Maggie Corner had seen many things in her nineteen years as a real estate agent. Mostly, she worked for your typical white, middle-class couple looking for a house to raise their children, or one to move to after they had finished with the first. There had been other people too, of course: the increasing number of same-sex couples, the groups of recent college graduates looking for a communal home, and, on one memorable occasion, a group of religious sisters in search of a new place to found their convent. But she had never had prospective buyers quite like the ones she had on the phone now.

‘Yes, Miss Black,’ she said. ‘It’s on the left; if you keep going past Old Pitch Post Road, the sign is hidden behind a lilac tree. Turn directly left, and keep going. I’m standing outside right now.’ She puts her phone back into her pocket, and waits by the end of the driveway with her clipboard and pen.

Approximately thirty seconds later, a blue van with fake wood paneling comes barreling down the street. It slows abruptly as it approaches the house, and by the time it pulls into the driveway, it has reached a respectable crawl. The whole vehicle slides back a bit as the driver yanks on the brakes; Maggie winces. A strange assortment of people pile out of the van once it has been parked: the driver is a dark, curly-haired girl who looks barely old enough to have her license; the woman in the passenger seat could be her adoptive mother; but that fails to explain the three colorful young men who climb out of the back, assisting an adolescent boy with midnight-black skin and a woman about their age with a small boy in tow. Save for the young woman and the boy, none of them look at all related; they look as though they’ve all walked off of the poster for

The woman in the passenger seat walks up to Maggie and gives her a firm handshake. ‘Hi,’ she says, in her curious lilting accent. ‘I’m Alanna Black, we were just talking on the phone.’

Maggie’s knees nearly go weak with relief at the calm self-assurance in the woman’s voice; she likes working with people who have their act together. Better than the flighty, fidgety couple from this morning. ‘It’s a pleasure to meet you, Alanna. I’m Maggie.’

Alanna smiles. ‘Good to meet you. This is my family: Violet,’ — the driver nods at her — ‘Julian,’ — the young man who looks like a member of a Japanese boy band tilts his head — ‘Ƈhatma,’ — the second young man waves enthusiastically — ‘Kephri,’ — Kephri turns out to be the Indian boy with yellow nail polish — ‘and Saorise, Marat, and Andras.’ The young woman gives her a small smile, the little boy clings to her hand, and the last member of their party gives her a mechanical wave.

‘Oh my, you have a large family,’ says Maggie, blinking, and then silently berates herself for sounding so surprised. People these days do all sorts of crazy things; the point is to sell them a house, not cast aspersions.

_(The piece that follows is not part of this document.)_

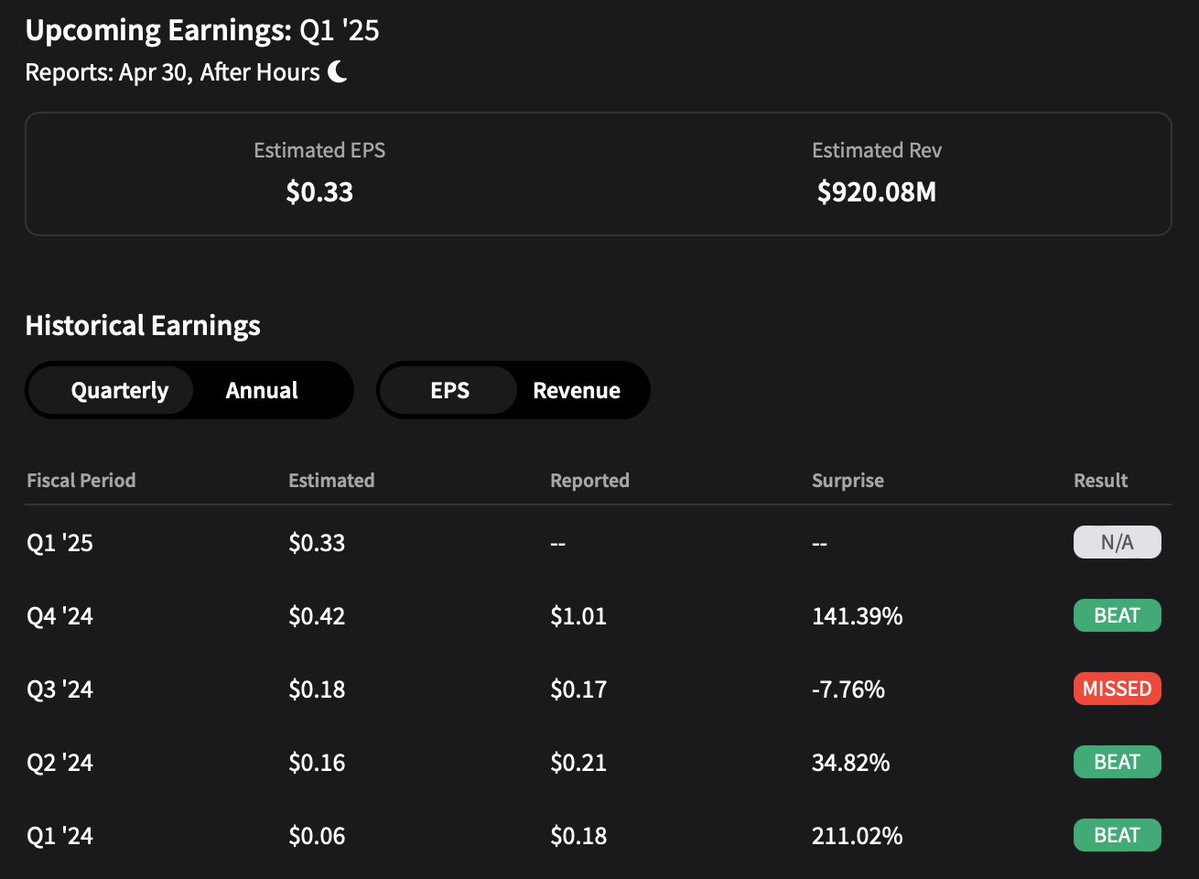 🦆"Ottimismo su $HOOD: L'88% degli Utenti di Stocktwits Prevede Risultati Positivi"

‘She’s my legal guardian these days,’ Violet says, with a jab of her thumb at Alanna. ‘And Marat’s. Everyone else is too old, but we’ve all been through the foster system together.’ She says the words freely, easily, but Maggie catches the flicker of resignation on her face. Ƈhatma drapes his arms over her shoulders and hugs her to his chest; she grabs his hands. They are hilariously mismatched, heightwise, but the effect is still heartwarming. Maggie smiles.

‘I’m glad you’re all still together,’ she says. ‘And now I can see why you needed such a large house. Come on in. The owners are out right now, but they gave me a key.’ She leads them up the driveway; the whole troupe straggles behind her.

As she guides them around the house, several things become abundantly clear to Maggie, with regards to this odd family. One, she’s fairly sure that the boy with the nail polish and the tall, lanky boy are a couple, as they do a lot of hand-grabbing and snickering together. Two, that at least some of them have been together for years: twice, she’s sure that they must be communicating telepathically. (Violet walks into a room. ‘Kephri!’ she shrieks. He pulls his hand away from the other boy and comes leaping over. ‘No,’ says Alanna, from the bathroom at the other end of the hall, ‘Stop it,’ and Violet and Kephri laugh like they’ve just shared some private joke, though as far as Maggie can tell, nothing has happened except for an exchange of glances.) Three, the smallest boy is not, in fact, the girl’s brother, but her son, and Boy Band Julian is the father. He runs between them like any other child would, and when he runs smack-dab into a glass door like he’s never seen one before in his life, Julian picks him
up and holds his face to his neck, looking simultaneously much too young and much too used to this already.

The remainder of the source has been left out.